Foram seis meses e muito dinheiro para tratar uma unha odiosa. Uma unha no dedo do pé. Pura crueldade genética colocar uma unha dessas no meu pé. Causa tanto espanto, que acredite, já ouvi: "Te amo, mas tenho medo da sua unha". Medo? Como alguém tem medo de uma unha? Tudo bem, é mesmo horrível. Para ter uma idéia simples da coisa, imagine uma barata cascuda, albina e anã. Agora, imagine isso abraçado ao final de um dedo no pé. É isto que parece.


Os cálculos do remédio estavam altos, abandonei a idéia de continuar assim que avistei o ônibus. Lá vinha, aquele mesmo, o 5611/10. Sobre esse ônibus, eu já falei que muitas pessoas no mesmo horário aguardam esse ônibus? E que também, 'muitas', é no sentido de muitas serem muitas mesmo? Pois bem, e todas elas estavam lá enquanto o ônibus vinha... e vinha mais perto, mais perto e parou com a porta de embarque bem à minha frente.
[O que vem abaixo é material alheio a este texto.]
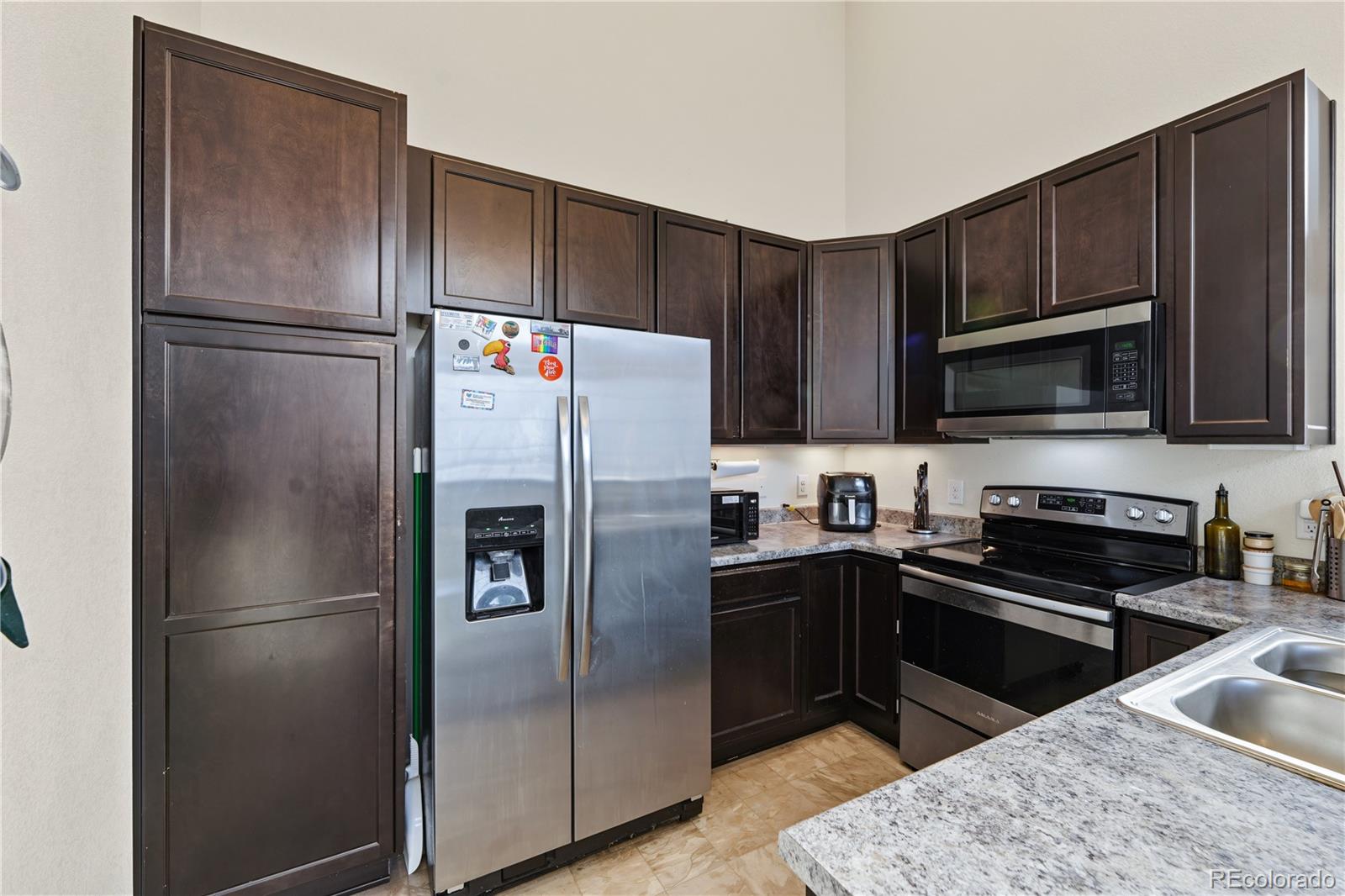 MLS Image #11 for 1315 s chambers road,aurora, Colorado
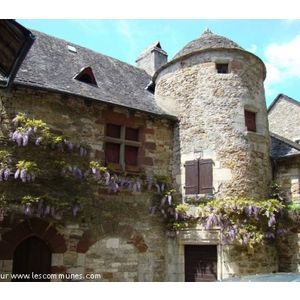 la maison à la glycine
Eu deveria sorrir para sorte, desta vez eu conseguiria um assento, qualquer um da minha escolha.


A porta se abriu, segurei o suporte do lado direito da porta, coloquei o pé direito no primeiro degrau e em seguida tive que desistir de subir. Lá no alto, no último degrau uma velha manobrava seu corpo enorme, fazendo aquele slow-motion agonizante que só os velhos conseguem dramatizar tão bem. A velha queria descer. Estava determinada a fazer isso, e demonstrou sua vontade deixando a gravidade conduzi-la escada abaixo. Imediatamente me vi entre uma velha terrivelmente grande e dezenas de desmiolados que me empurrariam ônibus adentro ao menor sinal de hesitação. Não havia escolha, eu até poderia forçar a passagem, mas optei pela bondade incompensável. E claro, arcar com as conseqüências que costumam ser proporcional a sua ação.
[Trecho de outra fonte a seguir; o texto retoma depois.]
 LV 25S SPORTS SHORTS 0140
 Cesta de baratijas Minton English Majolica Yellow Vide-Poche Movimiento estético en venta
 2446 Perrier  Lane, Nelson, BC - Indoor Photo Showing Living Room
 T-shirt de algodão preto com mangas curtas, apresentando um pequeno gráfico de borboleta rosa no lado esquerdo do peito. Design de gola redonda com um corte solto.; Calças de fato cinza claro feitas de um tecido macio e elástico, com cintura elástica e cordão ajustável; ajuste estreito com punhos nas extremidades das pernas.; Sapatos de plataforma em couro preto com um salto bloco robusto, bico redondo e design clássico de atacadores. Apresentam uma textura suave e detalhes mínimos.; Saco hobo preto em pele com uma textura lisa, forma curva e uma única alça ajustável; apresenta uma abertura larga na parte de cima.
Aconteceu que tive de retornar usando força sobrenatural para impedir que toda a multidão do lado de fora não entrasse, evitando que me levassem de encontro com o dinossauro que vinha descendo descontroladamente. Fiz toda a força que pude e consegui recuar, talvez um metro e meio para dar passagem. Conquistei aquele espacinho para ela, continuei firme para as pessoas não avançarem enquanto a velha descia toda desigual. O primeiro degrau, "plá", socou no chão do ônibus um tamanco que parecia ter sola de madeira fez um som seco e pesado, era cheio de laços amarrados ao tornozelo. Agora, ela parecia duende gigante... Continuou a descer, sacudindo-se como um saco cheio de tralhas. Ela segurava uma sacolinha suja numa mão, uma rosa murcha e a foto de uma santa na outra. Quando conseguiu passar todo o corpo pela porta, aterrissou no planeta Terra. Exatamente entre todo o espaço vazio do universo e a minha unha. Sim, a unha feia, cravou o salto largo e quadrado do tamanco sobre ela.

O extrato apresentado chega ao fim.